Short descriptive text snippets
-------

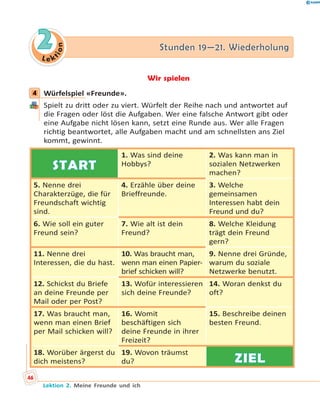 L e ktion
22 Stunden 19—21. WiederholungStunden 19—21. Wiederholung
Wir spielen
4 Würfelspiel «Freunde».
Spielt zu dritt oder zu viert. Würfelt der Reihe nach und antwortet auf
die Fragen oder löst die Aufgaben. Wer eine falsche Antwort gibt oder
eine Aufgabe nicht lösen kann, setzt eine Runde aus. Wer alle Fragen
richtig beantwortet, alle Aufgaben macht und am schnellsten ans Ziel
kommt, gewinnt.
STARTSTART
1. Was sind deine
Hobbys?
2. Was kann man in
sozialen Netzwerken
machen?
5. Nenne drei
Charakterzüge, die für
Freundschaft wichtig
sind.
4. Erzähle über deine
Brieffreunde.
3. Welche
gemeinsamen
Interessen habt dein
Freund und du?
6. Wie soll ein guter
Freund sein?
7. Wie alt ist dein
Freund?
8. Welche Kleidung
trägt dein Freund
gern?
11. Nenne drei
Interessen, die du hast.
10. Was braucht man,
wenn man einen Papier-
brief schicken will?
9. Nenne drei Gründe,
warum du soziale
Netzwerke benutzt.
12. Schickst du Briefe
an deine Freunde per
Mail oder per Post?
13. Wofür interessieren
sich deine Freunde?
14. Woran denkst du
oft?
17. Was braucht man,
wenn man einen Brief
per Mail schicken will?
16. Womit
beschäftigen sich
deine Freunde in ihrer
Freizeit?
15. Beschreibe deinen
besten Freund.
18. Worüber ärgerst du
dich meistens?
19. Wovon träumst
du? ZIELZIEL
4
46
Lektion 2. Meine Freunde und ich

-------

#### What is needed
Reproduce all of the entries exactly as they appear, though any picture they include must be omitted.

#### Final answer
 L e ktion
22 Stunden 19—21. WiederholungStunden 19—21. Wiederholung
Wir spielen
4 Würfelspiel «Freunde».
Spielt zu dritt oder zu viert. Würfelt der Reihe nach und antwortet auf
die Fragen oder löst die Aufgaben. Wer eine falsche Antwort gibt oder
eine Aufgabe nicht lösen kann, setzt eine Runde aus. Wer alle Fragen
richtig beantwortet, alle Aufgaben macht und am schnellsten ans Ziel
kommt, gewinnt.
STARTSTART
1. Was sind deine
Hobbys?
2. Was kann man in
sozialen Netzwerken
machen?
5. Nenne drei
Charakterzüge, die für
Freundschaft wichtig
sind.
4. Erzähle über deine
Brieffreunde.
3. Welche
gemeinsamen
Interessen habt dein
Freund und du?
6. Wie soll ein guter
Freund sein?
7. Wie alt ist dein
Freund?
8. Welche Kleidung
trägt dein Freund
gern?
11. Nenne drei
Interessen, die du hast.
10. Was braucht man,
wenn man einen Papier-
brief schicken will?
9. Nenne drei Gründe,
warum du soziale
Netzwerke benutzt.
12. Schickst du Briefe
an deine Freunde per
Mail oder per Post?
13. Wofür interessieren
sich deine Freunde?
14. Woran denkst du
oft?
17. Was braucht man,
wenn man einen Brief
per Mail schicken will?
16. Womit
beschäftigen sich
deine Freunde in ihrer
Freizeit?
15. Beschreibe deinen
besten Freund.
18. Worüber ärgerst du
dich meistens?
19. Wovon träumst
du? ZIELZIEL
4
46
Lektion 2. Meine Freunde und ich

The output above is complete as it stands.